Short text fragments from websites

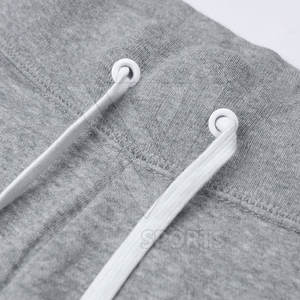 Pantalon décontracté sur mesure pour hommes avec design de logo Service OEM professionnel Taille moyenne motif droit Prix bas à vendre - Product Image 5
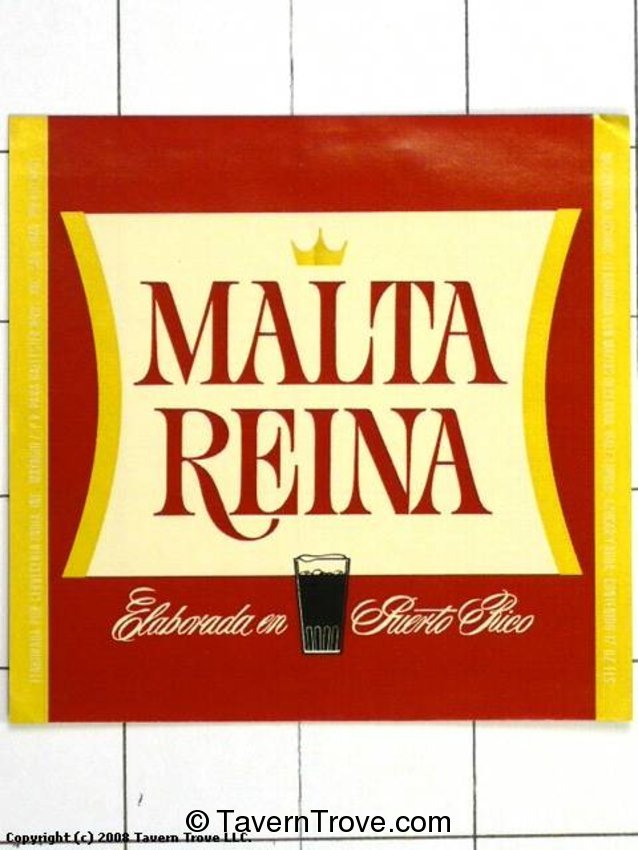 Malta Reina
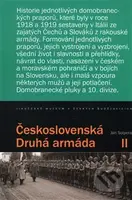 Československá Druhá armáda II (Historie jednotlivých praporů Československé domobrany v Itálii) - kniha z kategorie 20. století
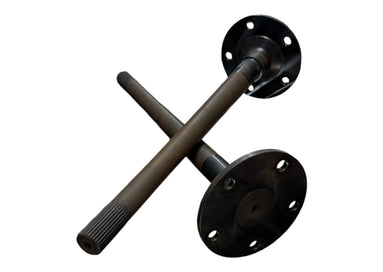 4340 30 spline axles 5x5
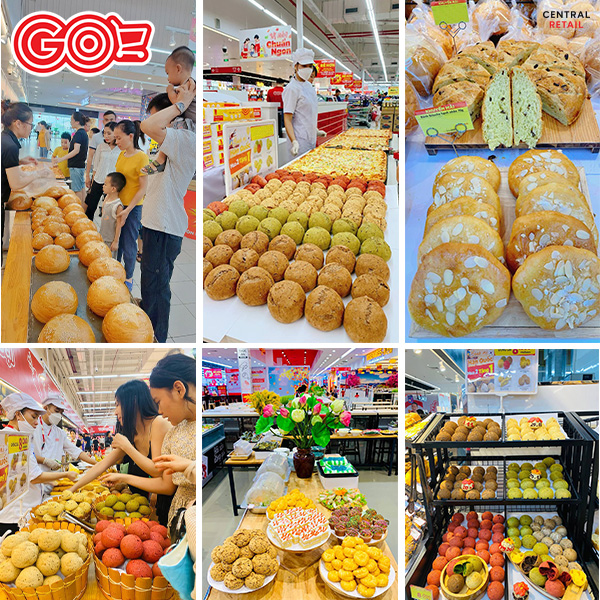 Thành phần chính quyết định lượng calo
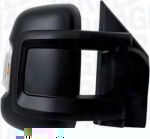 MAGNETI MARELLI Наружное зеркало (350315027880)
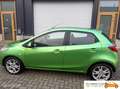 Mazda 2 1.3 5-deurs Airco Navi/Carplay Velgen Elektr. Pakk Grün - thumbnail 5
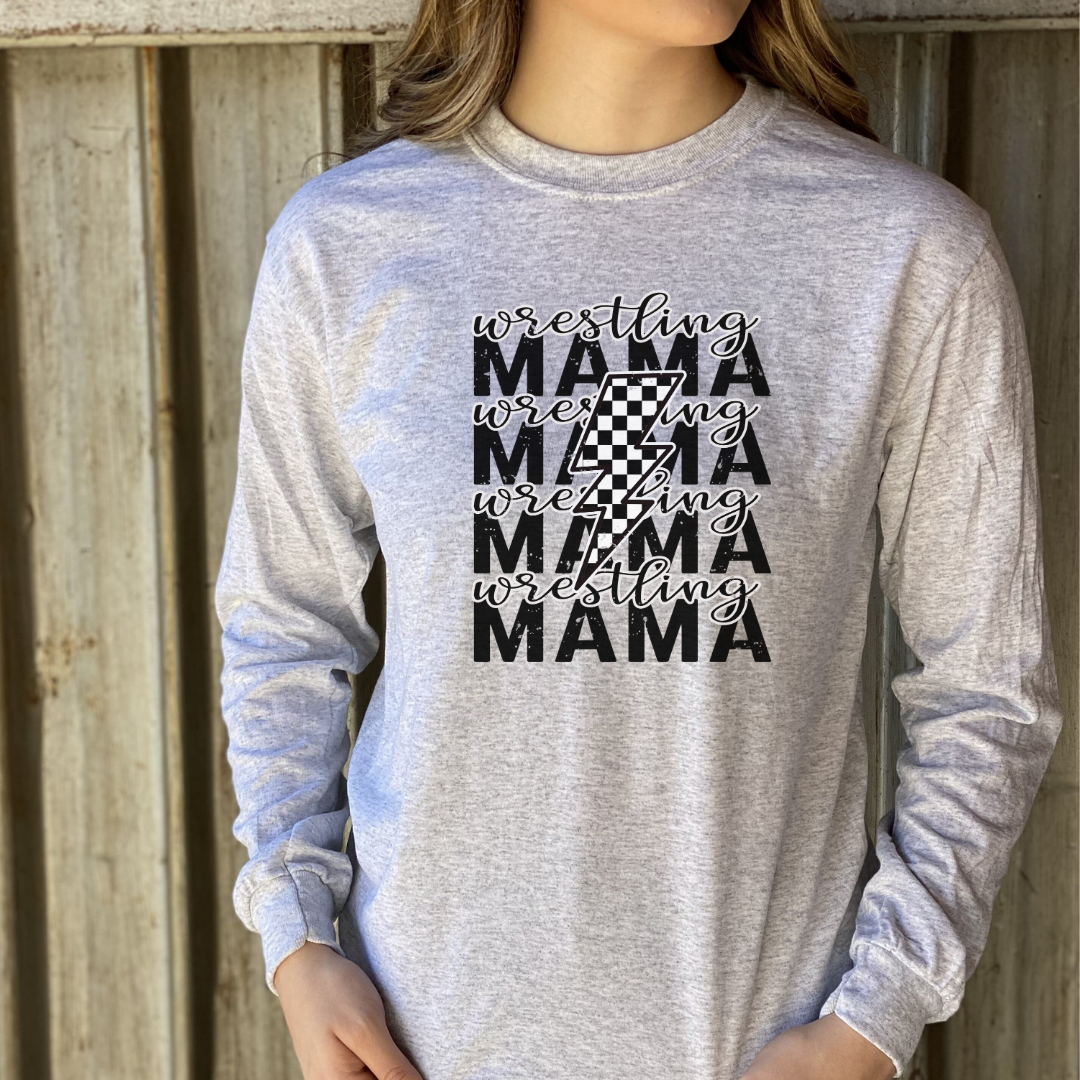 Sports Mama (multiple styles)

# PROBLEM TO SOLVE
All of the data above should be quoted exactly, except for the pictures.

# ANSWER BOX
 Pantalon décontracté sur mesure pour hommes avec design de logo Service OEM professionnel Taille moyenne motif droit Prix bas à vendre - Product Image 5
 Malta Reina
 Československá Druhá armáda II (Historie jednotlivých praporů Československé domobrany v Itálii) - kniha z kategorie 20. století
 4340 30 spline axles 5x5
 Thành phần chính quyết định lượng calo
 MAGNETI MARELLI Наружное зеркало (350315027880)
 Mazda 2 1.3 5-deurs Airco Navi/Carplay Velgen Elektr. Pakk Grün - thumbnail 5
 Sports Mama (multiple styles)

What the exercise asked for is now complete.